# How to check that a DVC renter is legit



## jrogersok (Jul 25, 2018)

I found a DVC member who is renting points @$14/point on the Tug Rental board.  How can I verify that this is ligit.  He has sent a contract with his DVC Contract Number, Name, and Mailing address but I'm having a difficult time finding him via Google as he has a common name.

Trying to do my due diligence.


----------



## bendadin (Jul 25, 2018)

If he owns in Orlando, you can look him up in the county deed recordings. Don't use friends and family for Paypal. $14 per point sounds okay. Lower than I would rent, but still in the ballpark. I wouldn't give you my DVC number, either. So ironically, he is at more risk than you are. 

And once you pay, he will give you the travel number that you link in My Disney Experience. Do that immediately. It will link if he has your information correct. He can also send a screenshot of the reservation.


----------



## TUGBrian (Jul 28, 2018)

http://tug2.net/timeshare_advice/timeshare_rental_verification.html


----------



## Dean (Jul 28, 2018)

TUGBrian said:


> http://tug2.net/timeshare_advice/timeshare_rental_verification.html


Specific to DVC, they will not talk to a non member PERIOD.  Personally I would not be willing to do including going to the trouble of notarizing a form and I wouldn't be willing to send the deed but most of the ones I own could be pulled up online.  When I rent timeshares my terms are 25% up front and the remainder at 120 days out, all non refundable.  I do not use paypal at all because paying for timeshares (rental or purchase) is currently outside what they allow.

If this is an Orange County resort, it'll be much easier to pull it up at http://or.occompt.com/recorder/web/ .  I'd follow the rest of the advice on the TUG advice section that Brian referenced.  That's a good price, lower than I'd be willing to rent for if the points were not distressed.


----------



## TUGBrian (Jul 28, 2018)

should have no problem speaking to a non member if the actual owner is on the phone as well.
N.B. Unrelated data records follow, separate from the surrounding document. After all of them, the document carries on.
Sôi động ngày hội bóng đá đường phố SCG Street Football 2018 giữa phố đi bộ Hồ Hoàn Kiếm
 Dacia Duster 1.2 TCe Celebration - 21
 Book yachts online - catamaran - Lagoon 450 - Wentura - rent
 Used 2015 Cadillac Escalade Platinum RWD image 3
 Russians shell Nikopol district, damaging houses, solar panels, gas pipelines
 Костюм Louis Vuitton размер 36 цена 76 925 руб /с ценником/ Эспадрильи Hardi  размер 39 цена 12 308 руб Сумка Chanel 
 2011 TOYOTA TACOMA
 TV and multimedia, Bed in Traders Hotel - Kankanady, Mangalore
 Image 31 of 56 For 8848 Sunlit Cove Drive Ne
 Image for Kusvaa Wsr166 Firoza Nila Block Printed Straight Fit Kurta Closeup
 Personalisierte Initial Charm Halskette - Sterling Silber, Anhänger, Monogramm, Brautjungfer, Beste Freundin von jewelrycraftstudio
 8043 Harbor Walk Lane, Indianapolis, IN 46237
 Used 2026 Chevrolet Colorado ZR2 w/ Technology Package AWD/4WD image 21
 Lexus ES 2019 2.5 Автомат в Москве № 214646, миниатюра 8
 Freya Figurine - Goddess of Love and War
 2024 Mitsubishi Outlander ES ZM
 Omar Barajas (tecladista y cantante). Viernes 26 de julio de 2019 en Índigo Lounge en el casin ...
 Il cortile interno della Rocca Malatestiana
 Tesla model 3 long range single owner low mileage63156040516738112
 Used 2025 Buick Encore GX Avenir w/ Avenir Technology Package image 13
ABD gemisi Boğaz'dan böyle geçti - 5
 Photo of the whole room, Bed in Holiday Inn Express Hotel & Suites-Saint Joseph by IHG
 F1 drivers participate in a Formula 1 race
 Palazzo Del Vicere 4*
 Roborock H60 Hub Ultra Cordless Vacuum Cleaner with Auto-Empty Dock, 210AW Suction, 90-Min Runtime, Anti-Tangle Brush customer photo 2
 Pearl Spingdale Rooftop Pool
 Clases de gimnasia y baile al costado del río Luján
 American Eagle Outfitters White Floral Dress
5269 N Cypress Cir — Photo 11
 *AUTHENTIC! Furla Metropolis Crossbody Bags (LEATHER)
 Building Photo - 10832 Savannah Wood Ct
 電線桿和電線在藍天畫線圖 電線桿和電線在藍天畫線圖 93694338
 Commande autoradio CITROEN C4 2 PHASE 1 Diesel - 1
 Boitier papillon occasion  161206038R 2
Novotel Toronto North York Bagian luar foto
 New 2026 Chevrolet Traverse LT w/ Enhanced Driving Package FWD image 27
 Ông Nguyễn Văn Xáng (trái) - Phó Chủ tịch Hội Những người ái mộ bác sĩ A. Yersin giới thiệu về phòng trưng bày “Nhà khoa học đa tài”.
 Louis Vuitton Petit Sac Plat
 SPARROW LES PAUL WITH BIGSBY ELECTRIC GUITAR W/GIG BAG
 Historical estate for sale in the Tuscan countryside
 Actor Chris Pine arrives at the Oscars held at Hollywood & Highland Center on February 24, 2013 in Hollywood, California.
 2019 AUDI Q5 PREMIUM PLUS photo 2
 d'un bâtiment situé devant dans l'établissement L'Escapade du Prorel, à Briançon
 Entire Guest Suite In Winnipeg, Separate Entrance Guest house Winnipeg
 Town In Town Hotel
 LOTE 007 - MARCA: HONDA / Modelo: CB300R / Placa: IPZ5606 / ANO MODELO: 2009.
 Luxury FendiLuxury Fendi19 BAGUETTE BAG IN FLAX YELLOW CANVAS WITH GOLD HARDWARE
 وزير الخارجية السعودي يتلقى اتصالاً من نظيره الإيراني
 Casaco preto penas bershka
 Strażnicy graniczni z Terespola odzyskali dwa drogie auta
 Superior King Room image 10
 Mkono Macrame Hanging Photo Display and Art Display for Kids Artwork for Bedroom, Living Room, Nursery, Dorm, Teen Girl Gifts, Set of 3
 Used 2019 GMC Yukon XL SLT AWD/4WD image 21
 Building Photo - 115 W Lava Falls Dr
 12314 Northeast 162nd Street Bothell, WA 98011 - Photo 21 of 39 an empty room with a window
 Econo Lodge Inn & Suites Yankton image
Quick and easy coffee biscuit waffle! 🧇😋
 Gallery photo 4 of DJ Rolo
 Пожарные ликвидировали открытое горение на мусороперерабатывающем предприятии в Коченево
its all about how much effort you want to put into protecting yourself from being scammed!


----------



## Dean (Jul 28, 2018)

TUGBrian said:


> should have no problem speaking to a non member if the actual owner is on the phone as well.
> 
> its all about how much effort you want to put into protecting yourself from being scammed!


They will do a 3 way call but nothing else.  I personally don't have the time to do that so I wouldn't be able/willing to rent to one who insisted on that option.


----------



## rickandcindy23 (Jul 28, 2018)

Dean said:


> They will do a 3 way call but nothing else.  I personally don't have the time to do that so I wouldn't be able/willing to rent to one who insisted on that option.


Exactly!  I give the renter the vacation plan # right away, then send the vacation plan when it comes to me, which is usually within hours.  I tell them to pay via credit card, and then they are covered with their CC company.  No one seems bothered by my process.


----------



## TUGBrian (Jul 28, 2018)

*shrug...it is of course up to the renter or the rentee how much time or effort they want to put into feeling confident about the transaction. they arent rules, they are merely suggestions and if both parties agree to ignore them, everyone involved is an adult and can make those adult decisions on their own =)

however 100% of every reported scam attempt that was successful, one party chose to ignore one or more of our suggested verification checklist items!  At the end of the day, noone is going to protect you but you!


----------



## Cyberc (Jul 29, 2018)

Dean said:


> They will do a 3 way call but nothing else.  I personally don't have the time to do that so I wouldn't be able/willing to rent to one who insisted on that option.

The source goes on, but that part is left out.